1. Social Networks: Mental Filters. It is all too easy to post unwise material on social networks if you are not thinking about it. To stop the process, make a habit out of double-checking what you post. Michigan, for example, advocates the “once posted, always posted” rule. If you put something on a social network site, others will be able to access it even if you try to remove it later. Copies will still exist in cyberspace somewhere. So go forward a year, or ten years, and think if you will want to be writing that post or looking like that in a photograph.

2. Create Good Buzz. To avoid confusion, demonstrate your true online profile by signing up to all the major social sites and networks. You do not need to actively start using all of them, but you should have a presence, anyway. Facebook, LinkedIn, Google Profile – the list goes on. Google and other search engines give a lot of weight to these sites, and less to obscure sites that have material that you do not like or that is not actually you.

3. Create a Media Policy. This is a good idea for both small businesses and families. Create a policy that dictates how you will talk about family members, coworkers, friends…whatever is appropriate. The U.S. Navy, for example, devotes an entire subsection of its handbook to friending, blogging, and socializing online. Its concerns range from releasing national information to hurting morale with online complaints. Your concerns are likely to be more…civilian, but they still deserve a strict policy. Once you write it down, it will hold far more meaning. If your company has a privacy policy in place, read it carefully to avoid trouble down the road.

4. Accept that Mistakes Happen. A criminal halfway around the world may share your name.

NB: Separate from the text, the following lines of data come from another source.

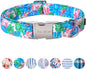 Unique Style Paws Metal Buckle Banana Leaves Dog Collar, Durable & Cute by Uniquestylepaws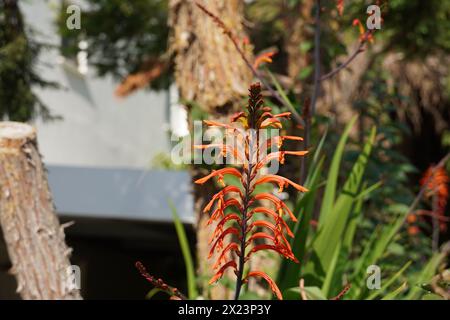 Lys Cobra, ou fleur d'orange Chasmanthe Banque D'Images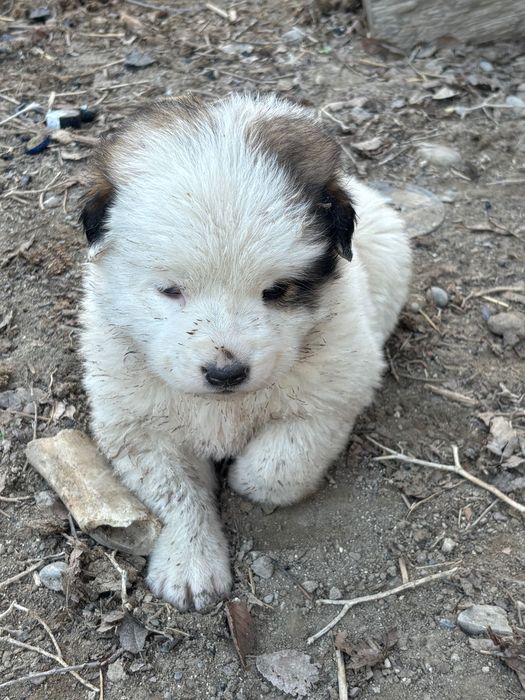 Алабай күшік 5 еу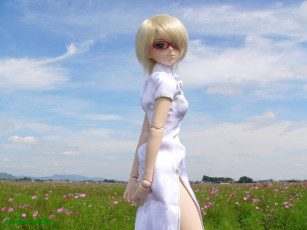 Картинка разное игрушки кукла поле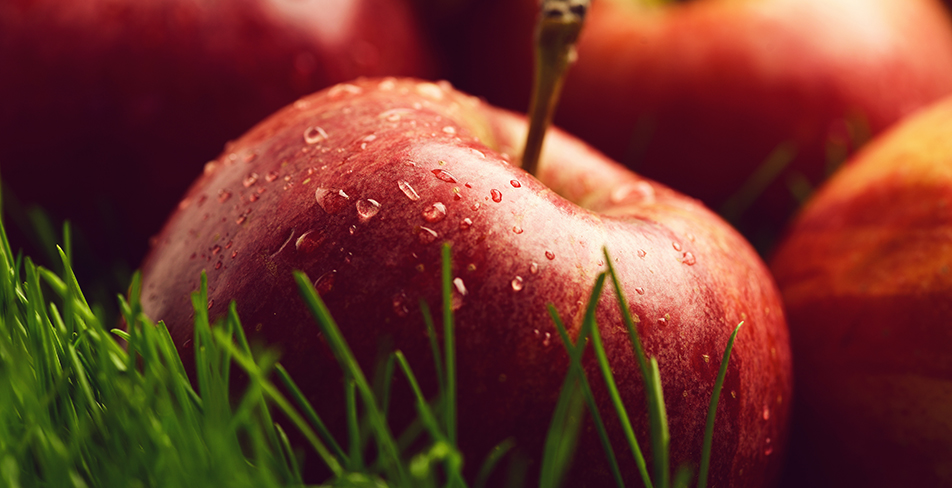 Veinlite Ledx, Devlet Malzeme Ofisi, DMO, Damar Saptayıcı, Damar Saptama Cihazı, Damar Görüntüleme Cihazı, Damar Bulma Cihazı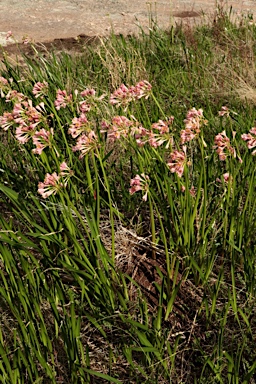 APII jpeg image of Calostemma purpureum  © contact APII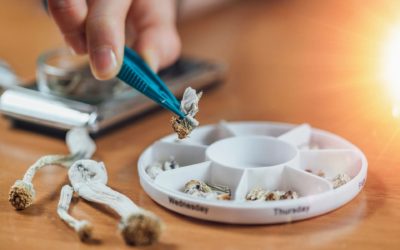 Microdosing Psychedelics as an Alternative to Stimulants for ADHD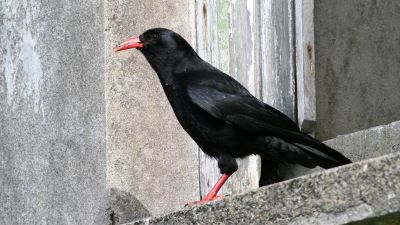 "chough" picture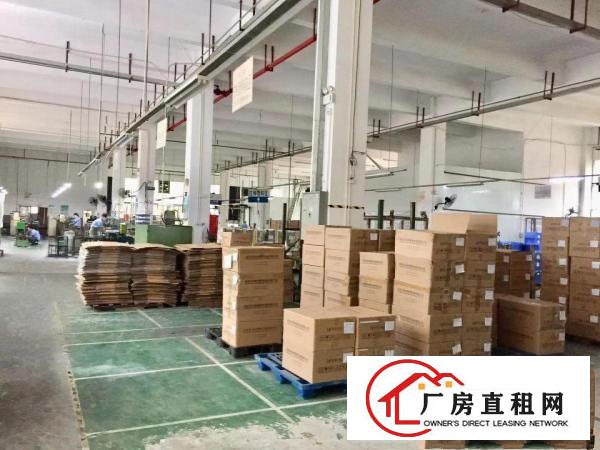  塘厦石鼓标准一楼6.5米1200平招租一手房东实际面积无公摊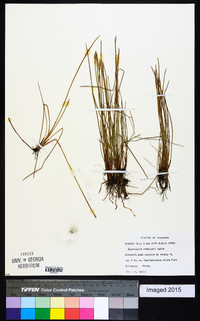 Eleocharis robbinsii image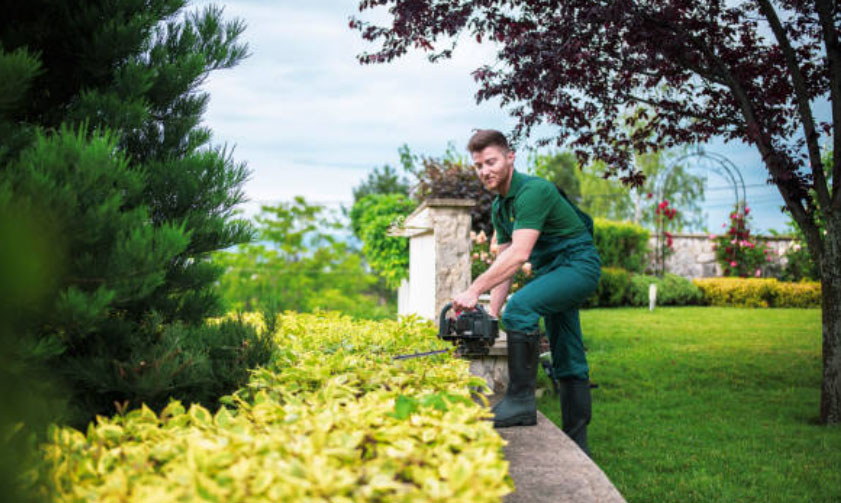 Garden Maintenance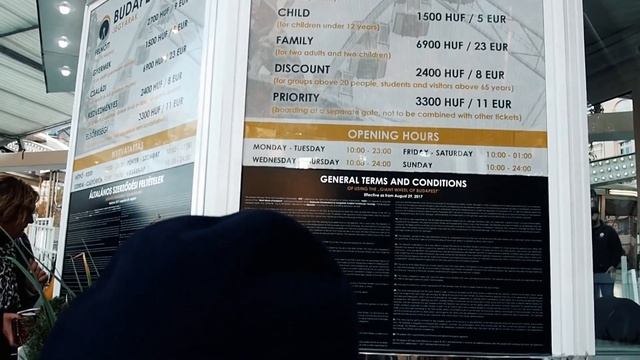 Влог из Будапешта: кафе Нью-Йорк, кафе с кошками, наша квартира и секретное место смотреть онлайн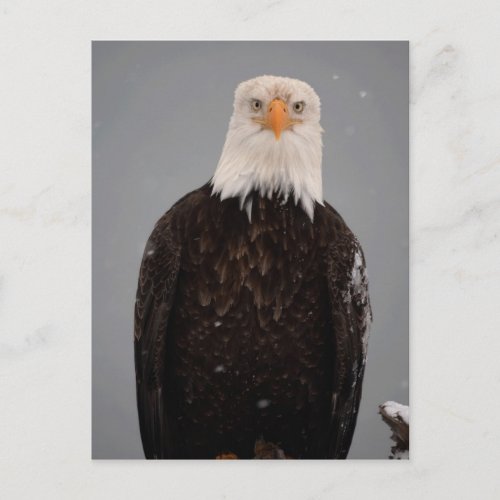 Bald Eagle Portrait in the Snow Haliaeetus Postcard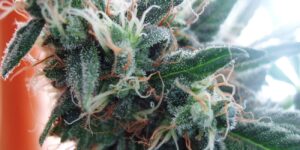 terpeny v rostlinách konopí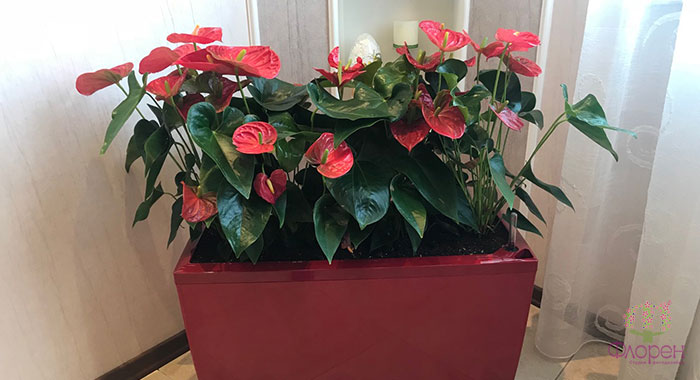 Догляд за тіньолюбними рослинами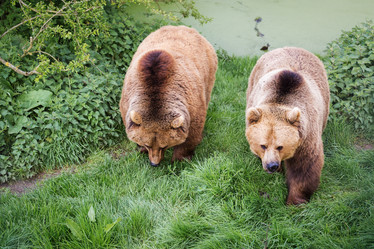 Similar image 7541319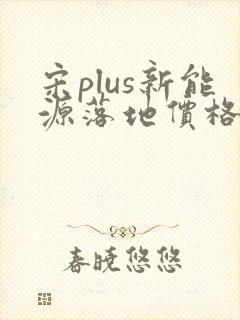 宋plus新能源落地价格
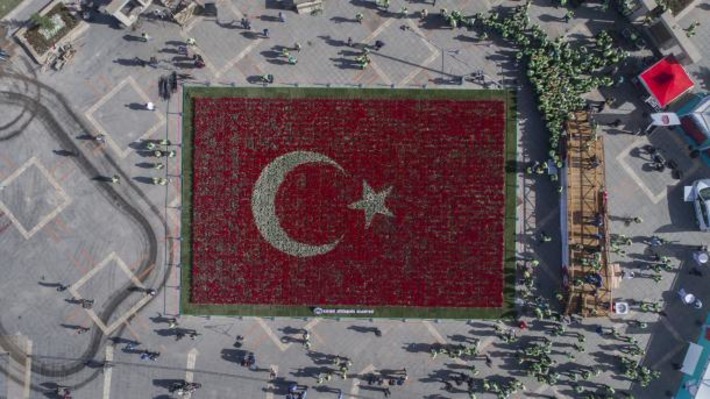 Турецкий флаг из тюльпанов попал в Книгу рекордов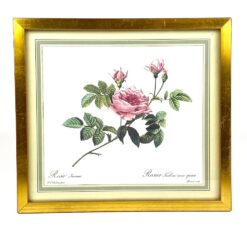 Pierre-Joseph Redouté darbo Rosier turbiné sans épines printas mediniame rėme su stiklu 2×33,5×30 cm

Someone may spell your name slightly wrong and mistake you for a porn star. Google search mechanics might pull information on a completely different person because of mistaken algorithms. NASA has several other entertaining examples on its personable online profile management page. You cannot help these accidents from happening, but you can help diminish their likelihood and put out the fires when they spring up. Do not waste time in anger or self-pity – do what you can to solve the problem. Easy tricks like adding your middle initial in all your profiles (and business cards) could clear up many errors.

5. Respond When Appropriate. If someone has a mistaken idea about you, or finds a particular damning piece of information about you online, consider damage control. Identify blogs and web pages you are associated with and tag them with your name to avoid confusion. Post replies, comments, and flag false comments for removal if you can. If you own a business, do not be afraid to respond to negative reviews with a different explanation of the facts.

Take an Active Role in Managing Your “Digital Footprint”

You cannot escape your online profile, but you can manage it. If you learn to keep your digital footprint – the data you leave in your wake as you use the Internet – in check, you will not have to worry about future problems. Above all, consider everything you post online as an extension of yourself. The data and its consequences are real. Keep that in mind and the rest will be easy.